DATA SECTION:
★ ★ ★ ★ ★

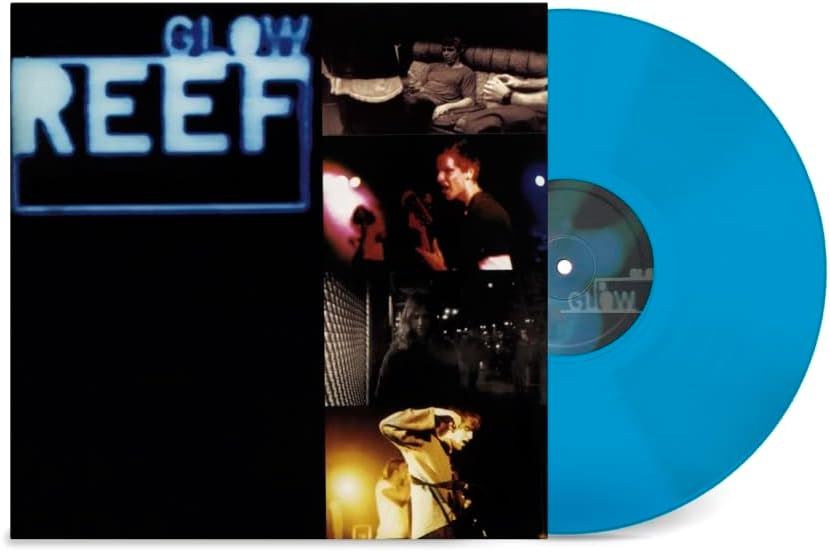 Reef - Glow Limited Hand Numbered Transparent Blue Vinyl LP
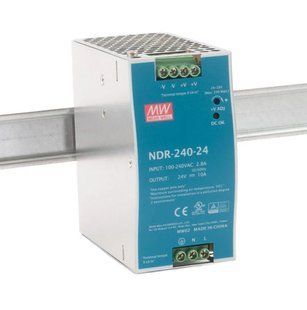Блок живлення на DIN-рейку NDR-240-24, AC/DC, 240Вт, 24V, 10А (арт. NDR-240-24) 00000018828 фото
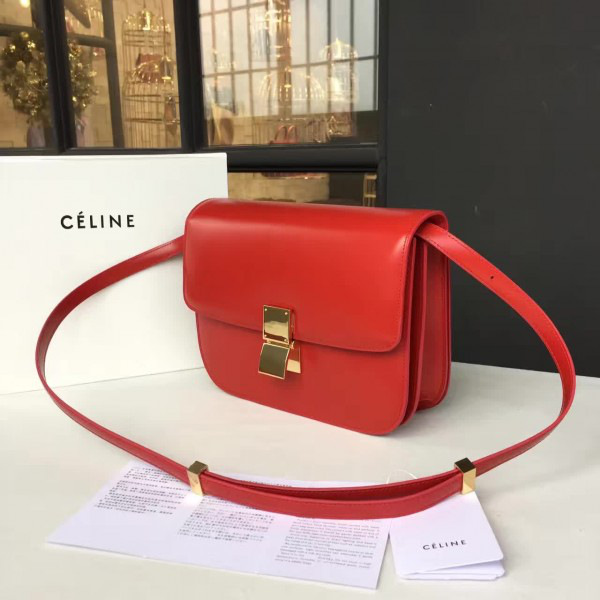 Ce1i*e leather classic box z1137 24cm x 8m x 18.5cm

★ ★ ★ ★ ★

WORK ITEM: Reproduce exactly the lines from the one with "Блок живлення на" to the bottom of the listing, both ends included, and nothing else. Skip the pictures.

OUTPUT BELOW:
Блок живлення на DIN-рейку NDR-240-24, AC/DC, 240Вт, 24V, 10А (арт. NDR-240-24) 00000018828 фото
 Ce1i*e leather classic box z1137 24cm x 8m x 18.5cm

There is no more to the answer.